- [What the exercise asks]
Only one stretch of the data below is needed. Output the lines from the one with "Image of John Deere 8320R equipment image 3" up to and including the one with "21 Driftwood Drive, Castaways Beach QLD 4567", exactly as they stand.
Task inputs START
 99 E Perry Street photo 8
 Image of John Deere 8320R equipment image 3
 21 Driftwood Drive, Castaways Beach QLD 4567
Task inputs END
Task inputs START
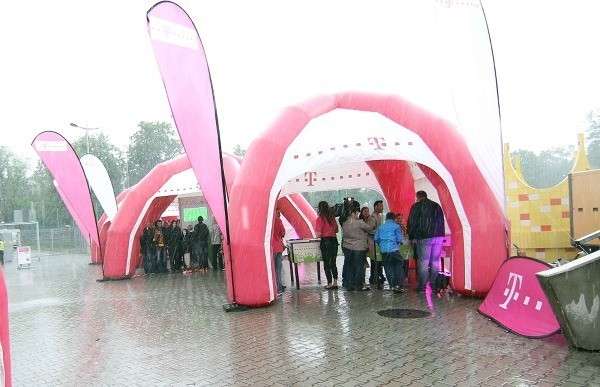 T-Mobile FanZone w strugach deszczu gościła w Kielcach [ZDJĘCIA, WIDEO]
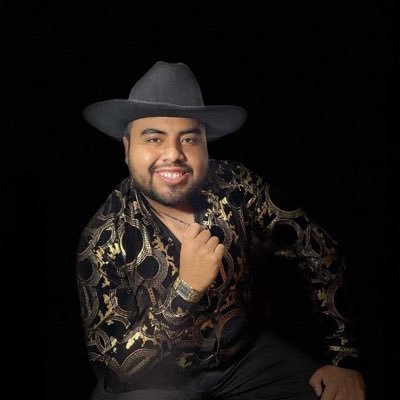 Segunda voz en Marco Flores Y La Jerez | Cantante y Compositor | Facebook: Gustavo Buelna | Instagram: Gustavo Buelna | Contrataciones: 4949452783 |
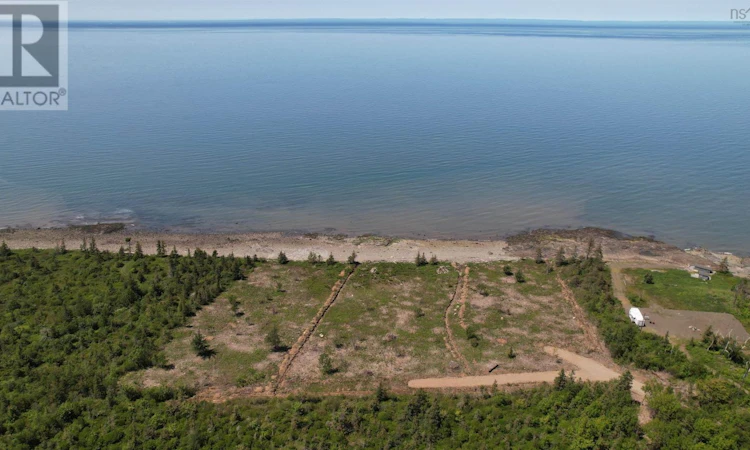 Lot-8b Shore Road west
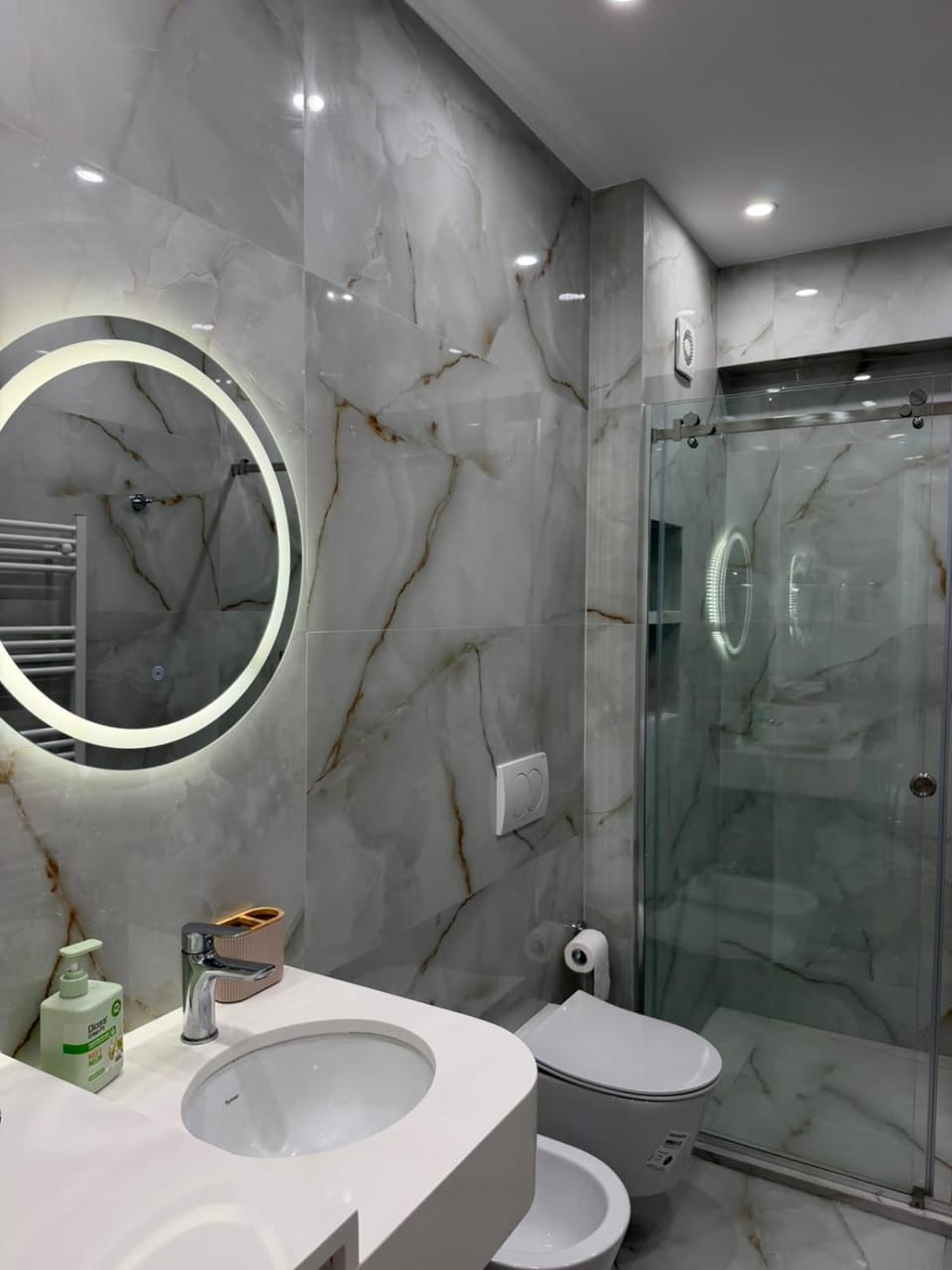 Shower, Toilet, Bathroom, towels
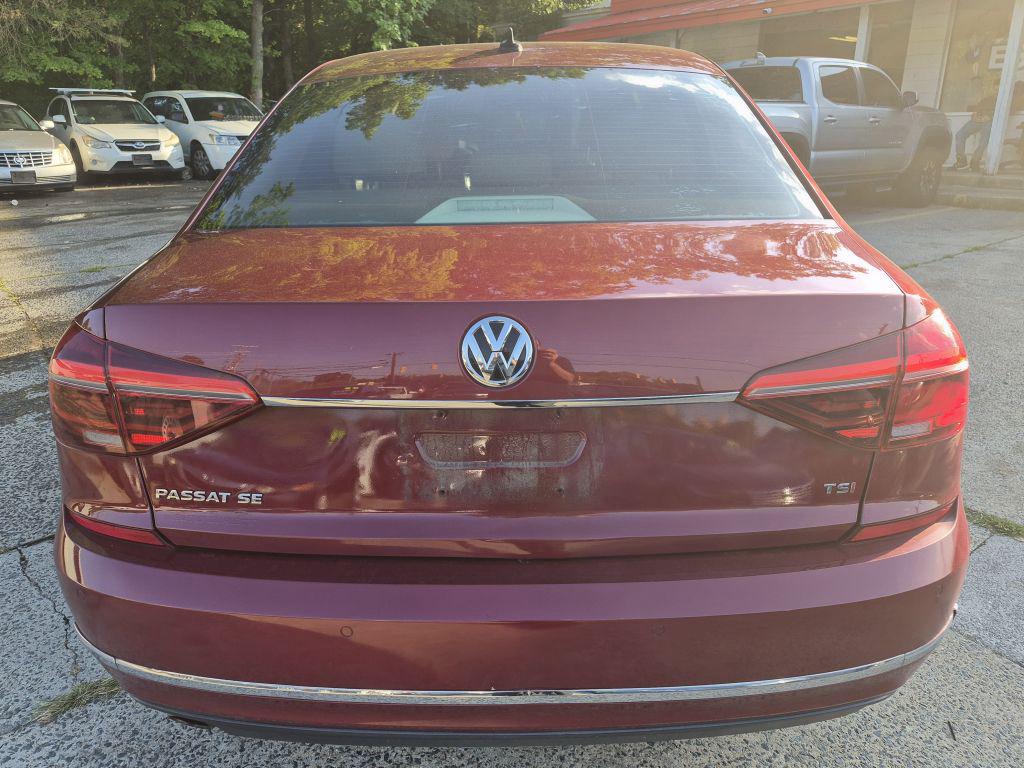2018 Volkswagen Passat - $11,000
Task inputs END
- [Solution to the exercise]
 Image of John Deere 8320R equipment image 3
 21 Driftwood Drive, Castaways Beach QLD 4567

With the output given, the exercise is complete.